This is a small article which attempts to clarify for me (and perhaps for others) the size and the information content of the human genome. Many thanks are due to Larry Moran, John Wilkins, and Paul Myers for informative correspondence and articles. All errors are the product of yours truly.
The human genome consists of approximately 3200 million base pairs of nucleotides arranged in 46 chromosomes. These numbers are fairly straightforward to establish by physical measurement.
The genome is divided up into unique sequence DNA and repetitive DNA. Approximately 1/3 of the genome is unique sequence DNA; the remainder is repetitive DNA. All of the genes are located in the unique sequence component. Genes take up more than 30% of this fraction. This works out to about 10% of the genome being devoted to genes. This works out to 320 million base pairs devoted to genes.

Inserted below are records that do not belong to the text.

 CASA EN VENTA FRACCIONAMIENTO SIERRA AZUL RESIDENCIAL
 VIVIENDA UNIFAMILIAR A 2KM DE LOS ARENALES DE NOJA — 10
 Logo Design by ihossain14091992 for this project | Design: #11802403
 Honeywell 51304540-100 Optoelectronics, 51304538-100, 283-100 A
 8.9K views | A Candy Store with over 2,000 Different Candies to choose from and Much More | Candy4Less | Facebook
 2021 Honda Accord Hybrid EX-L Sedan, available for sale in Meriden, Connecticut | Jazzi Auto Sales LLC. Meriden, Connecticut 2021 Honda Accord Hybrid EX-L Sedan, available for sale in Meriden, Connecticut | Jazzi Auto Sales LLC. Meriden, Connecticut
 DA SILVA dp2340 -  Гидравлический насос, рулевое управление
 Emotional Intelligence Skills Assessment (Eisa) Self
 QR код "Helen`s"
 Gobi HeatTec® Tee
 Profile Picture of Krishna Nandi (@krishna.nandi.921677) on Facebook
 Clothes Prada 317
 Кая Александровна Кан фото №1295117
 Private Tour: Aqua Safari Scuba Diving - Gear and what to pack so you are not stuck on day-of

A gene is not a single sequence of coding nucleotides. It has introns (sections of non-coding nucleotides) within it. Approximately half of the nucleotides within a gene are within introns. Thus the percentage of the genome that actually is coding DNA is about 5% (it may be as low as 3%.) Thus we have:
Genome DNA | 3200 million base pairs |
Unique sequence DNA | 1000 million base pairs |
DNA comprising genes | 320 million base pairs |
Coding DNA | 160 million base pairs |
The number of genes in the genome is not known. Early estimates ranged from 10,000 to 170,000. Currently the number of genes is estimated to be about 100,000 However a number of genes are duplicated; the number of distinct genes may be as low as 50,000.

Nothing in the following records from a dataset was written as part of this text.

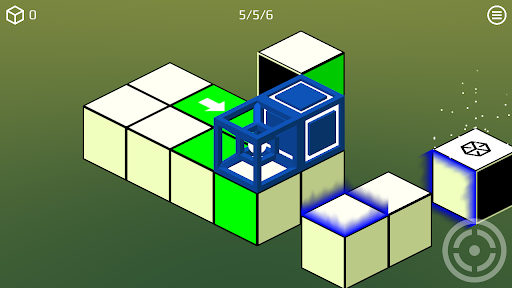Tesseract পিসি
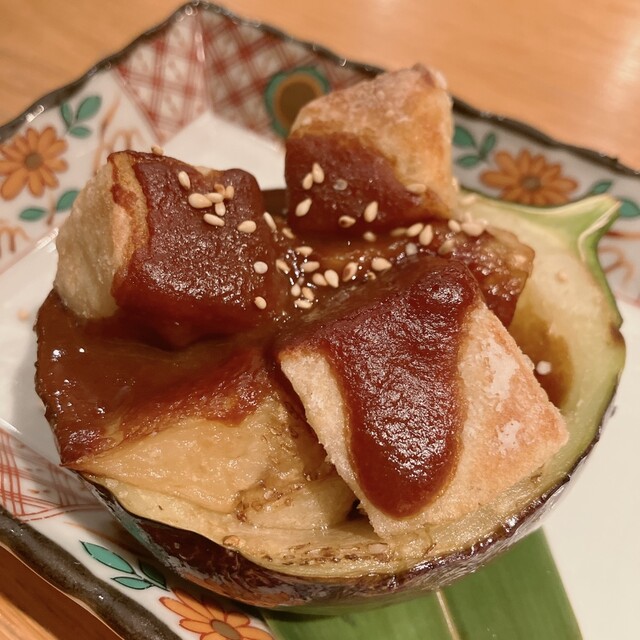 用戶對於こんぶや 恵比寿的評論高清圖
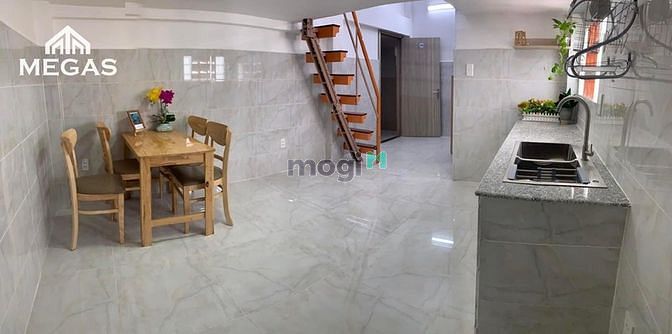 Hình ảnh Cho thuê Trang Chủ MB66.COM / Đăng Ký Tặng 66K quận 2 Full nội thất - Máy giặt riêng gần Mai Chí Thọ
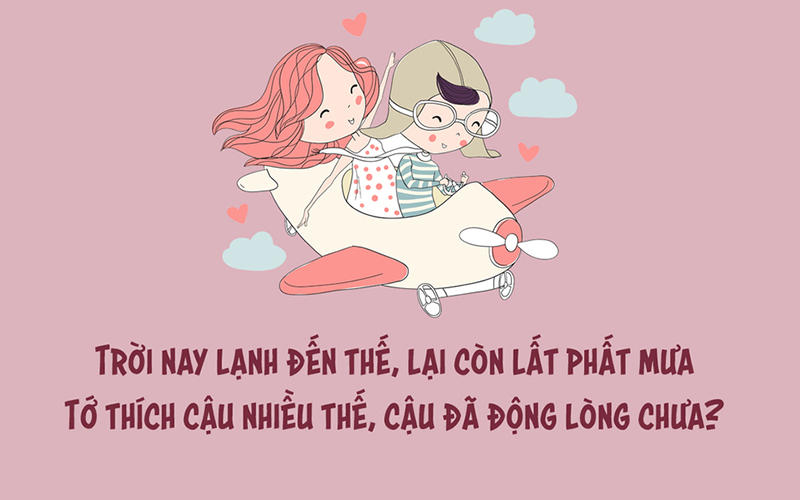 Top 100+ tiểu sử Facebook hay nhất giúp profile độc, lạ ngay tức thì!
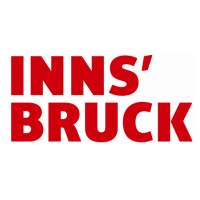 Innsbruck on 9Apps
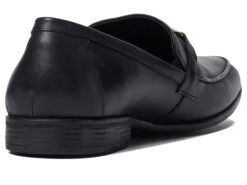 Blanco Garcia Chad Chain Loafer 12 Blanco Garcia Chad Chain Loafer -StepInStyle Store 71KpsunH5aL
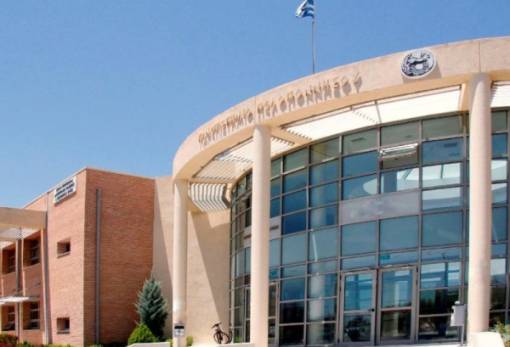 Σε δράσεις ΕΣΠΑ για την ισότητα εντάχθηκε το ΠΑΠΕΛ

The first step in transcribing coding DNA is to produce RNA. Each coding nucleotide codes for a unique nucleotide in the the corresponding RNA. Most of these RNA sequences are then transcribed into protein using the genetic code. A small percentage (approximately 5% to 10%) of the genes encode into functional RNA. There are four types of ribosomal RNA (rRNA), about 100 types of transcription RNA (tRNA), and about 50 other types of functional RNA. There are multiple copies of most of these genes, as many as 1000 copies of the rRNA genes.
The genes which code for protein use three nucleotides for each amino acid in the protein using the genetic code. It is estimated that the average length of a protein is about 500 amino acids long. This corresponds to 1500 nucleotides in the coding part of the gene. If there are 100,000 genes with 1500 coding nucleotides per gene then the number of coding base pairs would be 150 million.
It is instuctive to translate these numbers into the jargon of computer science. A base pair can have any of four possible values – A, G, C, or T – so that each base pair represents 2 bits of information. Because of the redundancy in the genetic code (3 nucleotides encode into 20 amino acids) a base represents about 1.5 bits of information. Thus the coding nucleotides represent about 30 megabytes of information.
If we think of the genome as the equivalent of a computer program this is a surprisingly small number. Today many computer programs are much larger. If we think of the genome as a data description of the human body it is my professional opinion that 30 megabytes is far too small a number to be a data description. Neither model (computer program or data description file) is appropriate for the genome however. A better analogy would be to think of the genome as a dictionary of agents not unlike the java applets so currently fashionable. The bulk of the information is carried dynamically in the cell itself.
This page was last updated June 13, 1997.